Top of Entries shown

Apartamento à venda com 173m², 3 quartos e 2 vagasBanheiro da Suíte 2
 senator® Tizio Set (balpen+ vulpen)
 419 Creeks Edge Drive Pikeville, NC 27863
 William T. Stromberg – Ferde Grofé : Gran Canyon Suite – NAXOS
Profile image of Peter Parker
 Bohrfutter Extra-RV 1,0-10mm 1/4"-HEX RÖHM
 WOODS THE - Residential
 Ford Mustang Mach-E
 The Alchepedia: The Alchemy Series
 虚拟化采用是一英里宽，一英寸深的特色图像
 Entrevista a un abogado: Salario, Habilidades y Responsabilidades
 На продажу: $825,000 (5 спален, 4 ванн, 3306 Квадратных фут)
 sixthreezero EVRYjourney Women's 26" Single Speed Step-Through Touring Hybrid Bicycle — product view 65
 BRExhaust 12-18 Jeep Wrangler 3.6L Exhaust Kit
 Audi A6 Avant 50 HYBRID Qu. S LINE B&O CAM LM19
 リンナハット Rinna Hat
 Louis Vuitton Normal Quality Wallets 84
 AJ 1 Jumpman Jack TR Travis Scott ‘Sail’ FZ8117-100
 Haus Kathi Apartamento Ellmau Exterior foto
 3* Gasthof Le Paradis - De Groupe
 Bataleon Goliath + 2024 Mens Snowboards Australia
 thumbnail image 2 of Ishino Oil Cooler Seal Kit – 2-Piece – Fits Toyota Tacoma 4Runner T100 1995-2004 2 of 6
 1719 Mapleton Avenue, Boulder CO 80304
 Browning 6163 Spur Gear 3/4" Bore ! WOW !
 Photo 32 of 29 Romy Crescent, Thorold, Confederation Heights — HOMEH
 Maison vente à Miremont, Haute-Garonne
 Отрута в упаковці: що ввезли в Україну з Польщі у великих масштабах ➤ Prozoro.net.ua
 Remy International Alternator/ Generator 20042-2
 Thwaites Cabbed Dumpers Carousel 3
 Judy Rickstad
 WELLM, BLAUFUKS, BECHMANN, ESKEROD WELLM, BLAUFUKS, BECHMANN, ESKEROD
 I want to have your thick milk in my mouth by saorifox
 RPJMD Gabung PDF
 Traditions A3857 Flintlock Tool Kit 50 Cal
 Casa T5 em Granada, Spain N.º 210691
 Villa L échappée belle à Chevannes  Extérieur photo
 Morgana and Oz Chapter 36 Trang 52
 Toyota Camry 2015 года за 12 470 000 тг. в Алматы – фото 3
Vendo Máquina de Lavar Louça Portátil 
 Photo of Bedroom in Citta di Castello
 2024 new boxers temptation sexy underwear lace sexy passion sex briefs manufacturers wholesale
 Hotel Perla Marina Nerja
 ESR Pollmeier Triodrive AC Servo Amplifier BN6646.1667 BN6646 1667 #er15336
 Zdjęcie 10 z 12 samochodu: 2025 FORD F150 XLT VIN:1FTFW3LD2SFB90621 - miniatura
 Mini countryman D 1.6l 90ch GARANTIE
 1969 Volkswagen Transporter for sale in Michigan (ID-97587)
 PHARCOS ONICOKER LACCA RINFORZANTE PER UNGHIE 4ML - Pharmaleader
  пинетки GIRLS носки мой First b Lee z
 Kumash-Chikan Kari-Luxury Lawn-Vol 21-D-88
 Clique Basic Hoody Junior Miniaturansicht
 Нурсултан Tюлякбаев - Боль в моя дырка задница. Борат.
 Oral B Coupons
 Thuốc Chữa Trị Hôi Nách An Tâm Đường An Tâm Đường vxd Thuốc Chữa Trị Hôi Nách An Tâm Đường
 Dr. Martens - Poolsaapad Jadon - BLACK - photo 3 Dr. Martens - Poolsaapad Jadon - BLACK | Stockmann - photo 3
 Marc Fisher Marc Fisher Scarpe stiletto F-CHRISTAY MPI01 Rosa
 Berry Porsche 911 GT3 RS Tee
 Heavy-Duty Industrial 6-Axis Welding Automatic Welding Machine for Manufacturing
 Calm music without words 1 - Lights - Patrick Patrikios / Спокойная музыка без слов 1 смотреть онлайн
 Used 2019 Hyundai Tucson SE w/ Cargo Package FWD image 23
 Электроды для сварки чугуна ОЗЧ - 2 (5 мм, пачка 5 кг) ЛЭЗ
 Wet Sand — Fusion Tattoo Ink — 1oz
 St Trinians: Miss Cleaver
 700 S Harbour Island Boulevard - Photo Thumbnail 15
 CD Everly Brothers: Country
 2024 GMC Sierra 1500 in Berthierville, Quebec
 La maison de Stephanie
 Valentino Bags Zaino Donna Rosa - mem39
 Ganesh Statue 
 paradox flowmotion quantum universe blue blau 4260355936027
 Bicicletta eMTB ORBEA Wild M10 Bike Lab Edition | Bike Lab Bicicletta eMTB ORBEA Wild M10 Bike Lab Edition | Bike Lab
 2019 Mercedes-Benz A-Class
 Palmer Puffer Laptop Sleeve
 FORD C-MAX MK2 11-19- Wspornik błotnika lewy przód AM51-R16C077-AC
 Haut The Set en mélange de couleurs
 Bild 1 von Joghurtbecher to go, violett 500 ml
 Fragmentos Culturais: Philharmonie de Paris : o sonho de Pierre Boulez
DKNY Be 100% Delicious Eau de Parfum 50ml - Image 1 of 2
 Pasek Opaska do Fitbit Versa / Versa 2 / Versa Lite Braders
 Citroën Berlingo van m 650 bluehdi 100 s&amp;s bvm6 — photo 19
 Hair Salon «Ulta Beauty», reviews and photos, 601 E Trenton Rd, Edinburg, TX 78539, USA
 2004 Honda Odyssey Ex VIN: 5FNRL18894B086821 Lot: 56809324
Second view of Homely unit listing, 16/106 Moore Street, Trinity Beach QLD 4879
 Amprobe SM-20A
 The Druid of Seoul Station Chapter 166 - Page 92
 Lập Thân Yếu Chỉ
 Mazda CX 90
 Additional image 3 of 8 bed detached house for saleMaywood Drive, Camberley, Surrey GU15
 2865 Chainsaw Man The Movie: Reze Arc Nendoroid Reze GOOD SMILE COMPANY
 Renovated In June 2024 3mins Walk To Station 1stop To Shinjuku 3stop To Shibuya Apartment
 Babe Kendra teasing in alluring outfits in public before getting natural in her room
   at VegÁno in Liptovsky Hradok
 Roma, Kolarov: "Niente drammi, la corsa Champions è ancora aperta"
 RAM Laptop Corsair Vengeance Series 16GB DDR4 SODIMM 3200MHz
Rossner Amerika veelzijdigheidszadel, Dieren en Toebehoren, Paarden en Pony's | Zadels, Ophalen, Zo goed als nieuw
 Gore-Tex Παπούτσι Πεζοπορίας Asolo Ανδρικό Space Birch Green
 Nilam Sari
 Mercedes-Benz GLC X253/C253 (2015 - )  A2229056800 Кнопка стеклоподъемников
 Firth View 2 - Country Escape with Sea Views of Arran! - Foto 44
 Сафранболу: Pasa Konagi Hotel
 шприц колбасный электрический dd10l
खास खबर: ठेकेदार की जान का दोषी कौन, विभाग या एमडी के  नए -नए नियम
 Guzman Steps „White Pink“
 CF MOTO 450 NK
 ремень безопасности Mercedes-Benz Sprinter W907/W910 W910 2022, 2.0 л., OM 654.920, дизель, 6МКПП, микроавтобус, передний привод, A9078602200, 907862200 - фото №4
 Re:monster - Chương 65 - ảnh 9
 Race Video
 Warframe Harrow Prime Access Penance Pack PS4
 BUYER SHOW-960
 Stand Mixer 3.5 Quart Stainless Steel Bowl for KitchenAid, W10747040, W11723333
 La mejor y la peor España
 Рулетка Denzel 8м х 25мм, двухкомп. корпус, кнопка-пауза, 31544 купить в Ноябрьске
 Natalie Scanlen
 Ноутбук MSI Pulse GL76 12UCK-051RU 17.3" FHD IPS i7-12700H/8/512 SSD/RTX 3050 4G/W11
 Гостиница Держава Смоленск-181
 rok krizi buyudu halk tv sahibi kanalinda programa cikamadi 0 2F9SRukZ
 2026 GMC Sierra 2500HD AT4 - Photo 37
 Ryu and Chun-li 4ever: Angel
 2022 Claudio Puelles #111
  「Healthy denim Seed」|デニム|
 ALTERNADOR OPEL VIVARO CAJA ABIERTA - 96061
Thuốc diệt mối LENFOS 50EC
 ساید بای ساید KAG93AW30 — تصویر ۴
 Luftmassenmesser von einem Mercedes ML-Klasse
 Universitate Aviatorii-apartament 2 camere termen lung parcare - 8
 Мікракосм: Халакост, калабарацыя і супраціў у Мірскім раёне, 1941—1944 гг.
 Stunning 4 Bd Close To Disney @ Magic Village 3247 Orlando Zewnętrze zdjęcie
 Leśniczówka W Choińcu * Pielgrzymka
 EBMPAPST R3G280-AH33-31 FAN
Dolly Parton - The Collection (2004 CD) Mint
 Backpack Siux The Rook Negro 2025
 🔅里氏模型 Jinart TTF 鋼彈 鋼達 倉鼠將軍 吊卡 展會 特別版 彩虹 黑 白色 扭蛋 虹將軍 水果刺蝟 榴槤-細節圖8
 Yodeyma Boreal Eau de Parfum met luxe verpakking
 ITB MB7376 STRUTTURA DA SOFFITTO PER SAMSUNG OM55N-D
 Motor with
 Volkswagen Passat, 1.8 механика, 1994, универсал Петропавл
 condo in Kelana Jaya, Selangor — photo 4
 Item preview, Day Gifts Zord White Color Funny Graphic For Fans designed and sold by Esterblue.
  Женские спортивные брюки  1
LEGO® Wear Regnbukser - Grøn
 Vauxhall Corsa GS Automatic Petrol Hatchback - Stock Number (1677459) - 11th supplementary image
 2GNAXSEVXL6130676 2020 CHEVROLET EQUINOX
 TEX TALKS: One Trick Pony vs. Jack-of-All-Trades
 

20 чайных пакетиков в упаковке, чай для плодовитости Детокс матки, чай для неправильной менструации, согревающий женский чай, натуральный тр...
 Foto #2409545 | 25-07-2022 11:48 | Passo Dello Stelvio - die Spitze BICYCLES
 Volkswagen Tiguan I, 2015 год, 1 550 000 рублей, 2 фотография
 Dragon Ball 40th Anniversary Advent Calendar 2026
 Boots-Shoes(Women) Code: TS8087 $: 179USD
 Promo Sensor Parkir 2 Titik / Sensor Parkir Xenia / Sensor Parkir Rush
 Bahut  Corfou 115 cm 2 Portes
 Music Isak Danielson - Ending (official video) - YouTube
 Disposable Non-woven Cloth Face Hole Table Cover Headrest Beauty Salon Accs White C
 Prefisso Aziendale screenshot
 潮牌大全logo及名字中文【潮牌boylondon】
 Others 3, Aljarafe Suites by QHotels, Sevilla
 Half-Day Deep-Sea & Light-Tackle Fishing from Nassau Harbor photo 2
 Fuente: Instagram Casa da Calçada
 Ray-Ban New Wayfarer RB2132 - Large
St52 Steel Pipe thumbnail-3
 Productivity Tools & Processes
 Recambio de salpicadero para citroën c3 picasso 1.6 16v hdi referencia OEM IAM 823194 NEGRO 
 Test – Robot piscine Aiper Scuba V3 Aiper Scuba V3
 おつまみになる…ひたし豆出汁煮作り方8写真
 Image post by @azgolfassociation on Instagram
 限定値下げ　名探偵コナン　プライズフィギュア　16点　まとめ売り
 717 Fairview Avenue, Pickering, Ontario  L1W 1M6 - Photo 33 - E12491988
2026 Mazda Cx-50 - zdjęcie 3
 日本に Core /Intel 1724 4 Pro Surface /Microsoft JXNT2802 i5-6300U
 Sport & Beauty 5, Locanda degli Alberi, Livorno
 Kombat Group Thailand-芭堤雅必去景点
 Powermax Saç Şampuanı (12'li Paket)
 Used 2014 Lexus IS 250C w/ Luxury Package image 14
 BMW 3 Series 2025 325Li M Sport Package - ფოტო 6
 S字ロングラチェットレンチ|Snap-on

Bottom of Entries shown

◆ Exercise objective: Look over the records above and copy each line that includes the string "Salon".

◆ The answer:
 Hair Salon «Ulta Beauty», reviews and photos, 601 E Trenton Rd, Edinburg, TX 78539, USA
 Disposable Non-woven Cloth Face Hole Table Cover Headrest Beauty Salon Accs White C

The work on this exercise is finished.